→ **Exercise instructions**:
Using the data that follows, output only the lines from the line with "Apartament decomandat, 3" up to and including the line with "Fogão Dako Supreme 5 Bocas com Mesa Inox", exactly, leaving pictures aside.

→ **Supplied information**:

:::

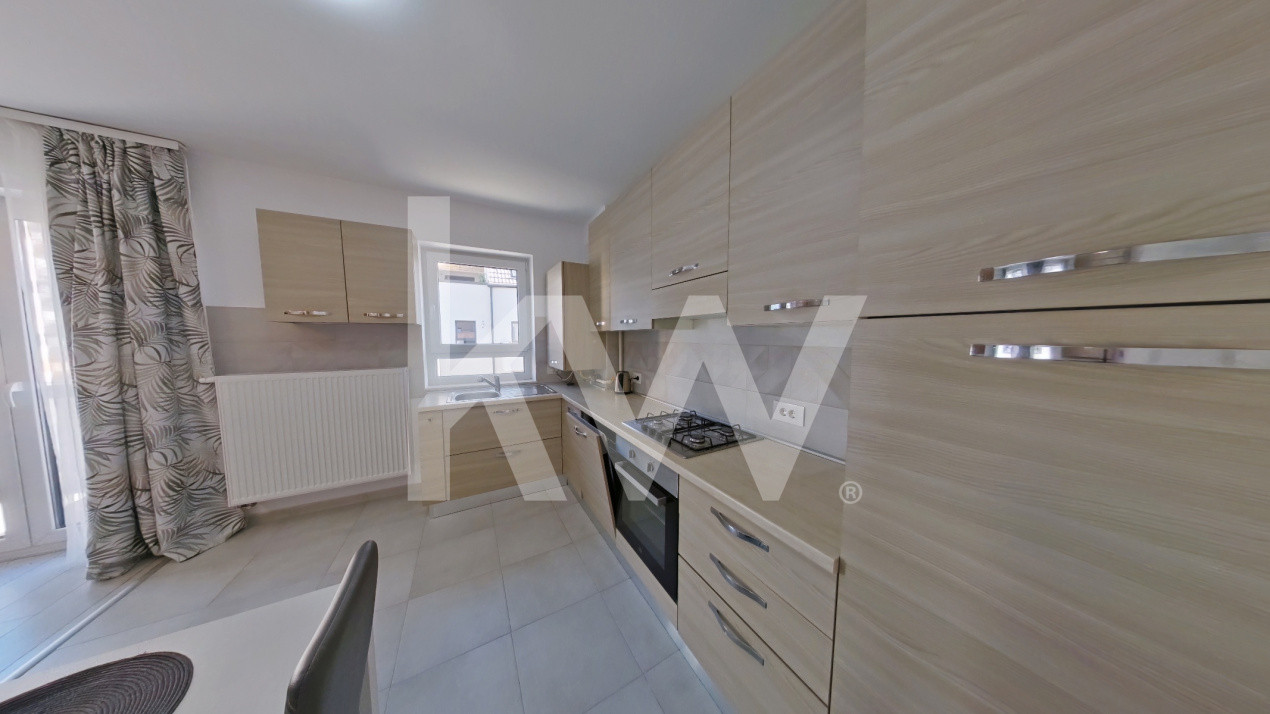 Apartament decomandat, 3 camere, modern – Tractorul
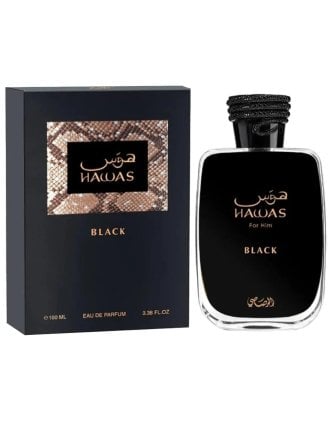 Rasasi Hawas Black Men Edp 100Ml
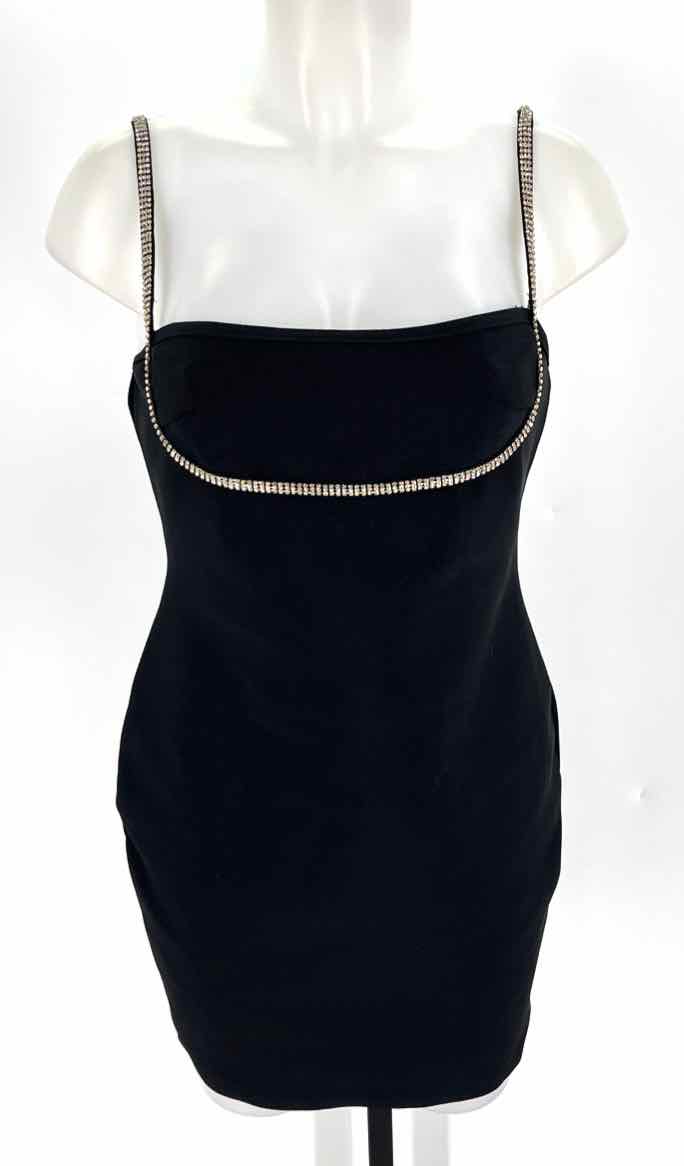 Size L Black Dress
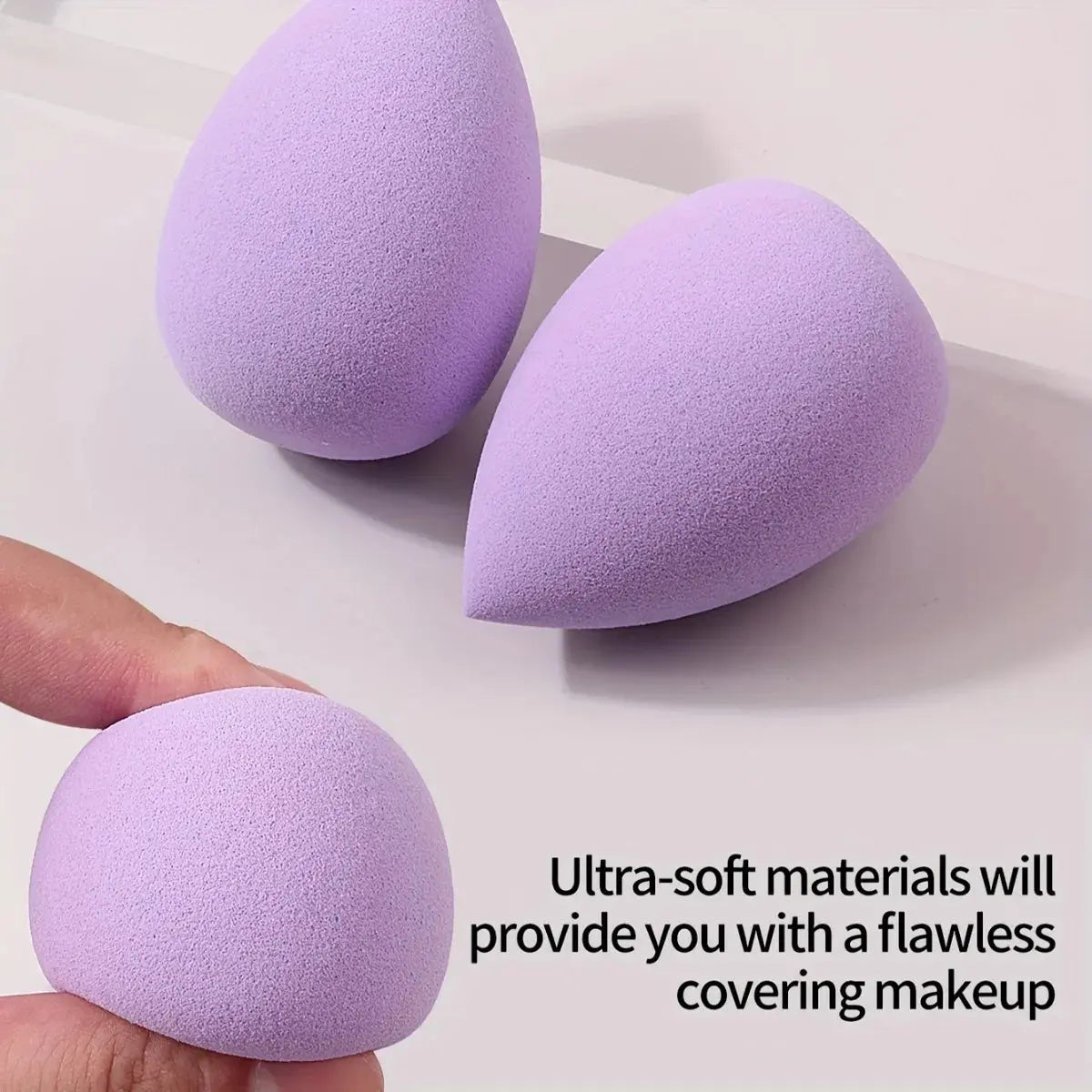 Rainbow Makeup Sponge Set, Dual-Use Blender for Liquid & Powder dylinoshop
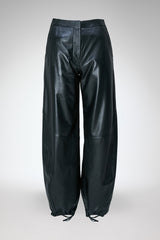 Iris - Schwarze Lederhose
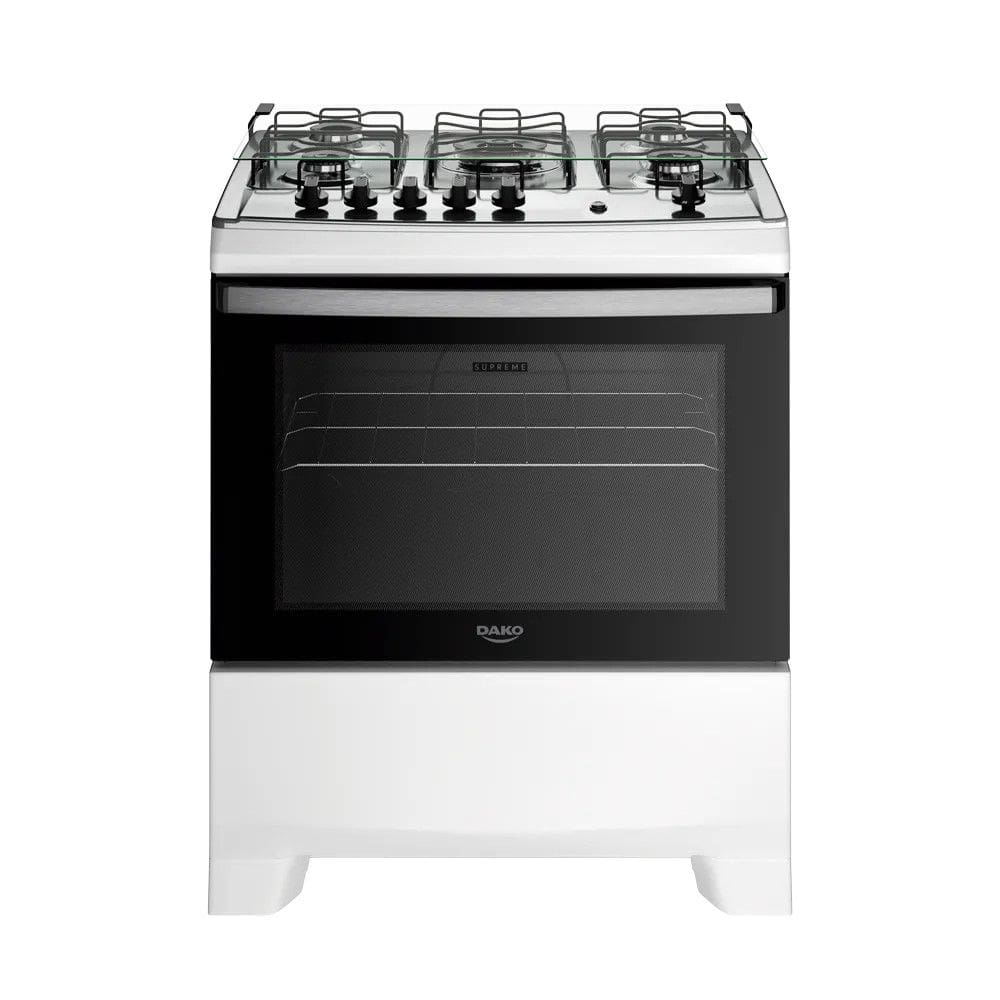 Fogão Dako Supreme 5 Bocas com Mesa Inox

:::

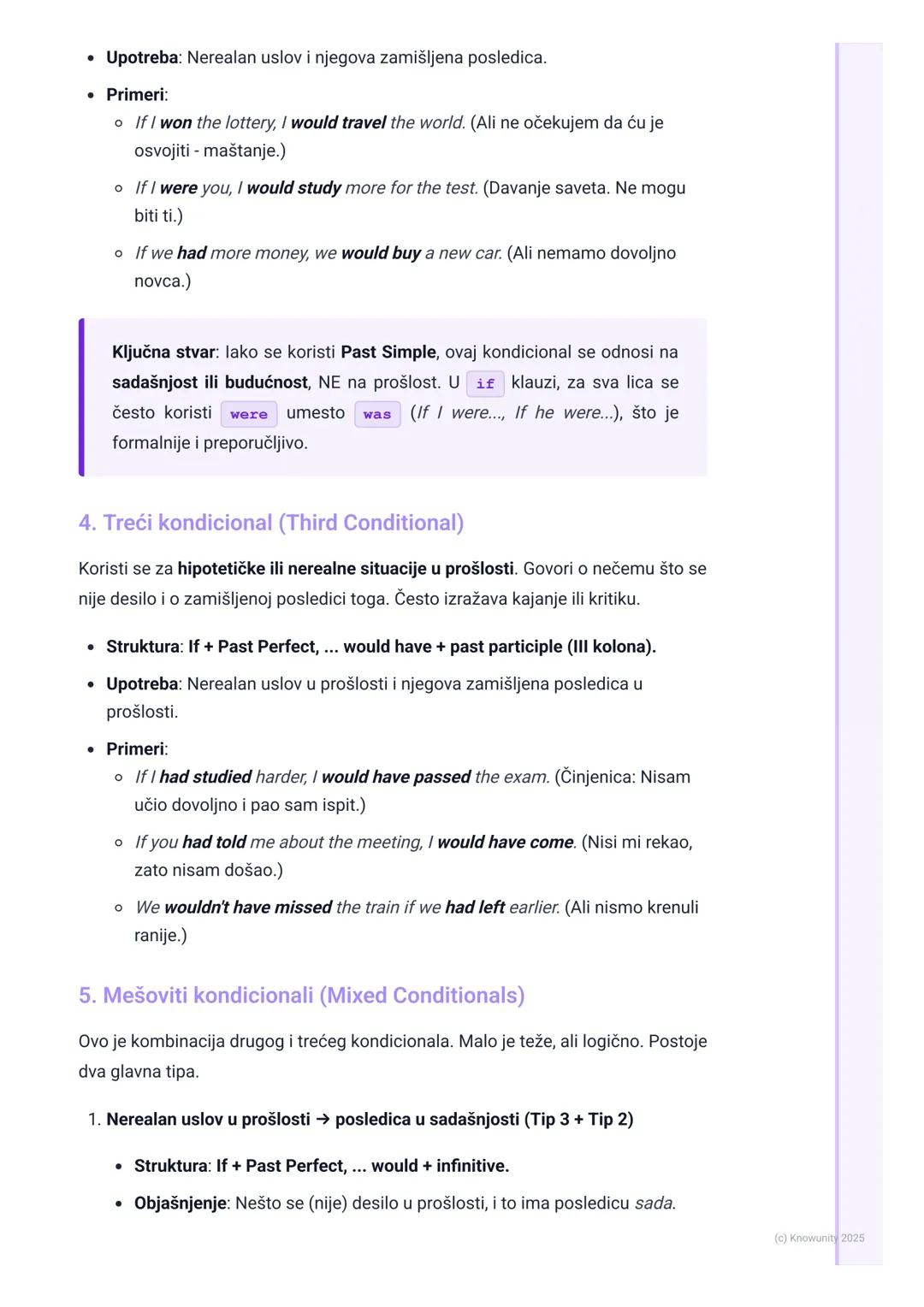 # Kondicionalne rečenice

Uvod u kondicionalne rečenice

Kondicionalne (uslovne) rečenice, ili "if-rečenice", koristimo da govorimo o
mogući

:::

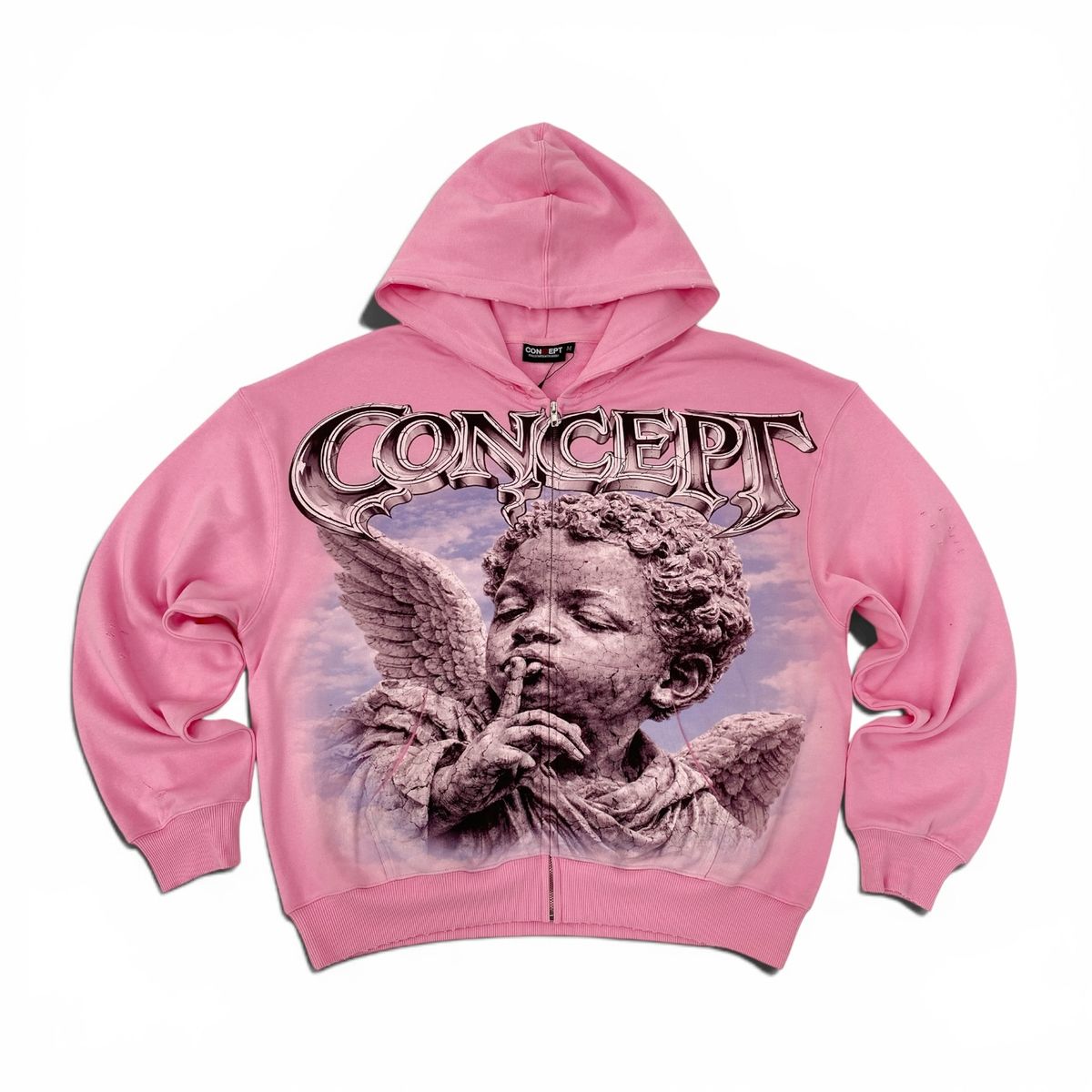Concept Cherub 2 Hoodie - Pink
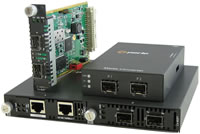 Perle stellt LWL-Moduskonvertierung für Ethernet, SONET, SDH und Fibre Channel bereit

:::

→ **Solved problem**:
 Apartament decomandat, 3 camere, modern – Tractorul
 Rasasi Hawas Black Men Edp 100Ml
 Size L Black Dress
 Rainbow Makeup Sponge Set, Dual-Use Blender for Liquid & Powder dylinoshop
 Iris - Schwarze Lederhose
 Fogão Dako Supreme 5 Bocas com Mesa Inox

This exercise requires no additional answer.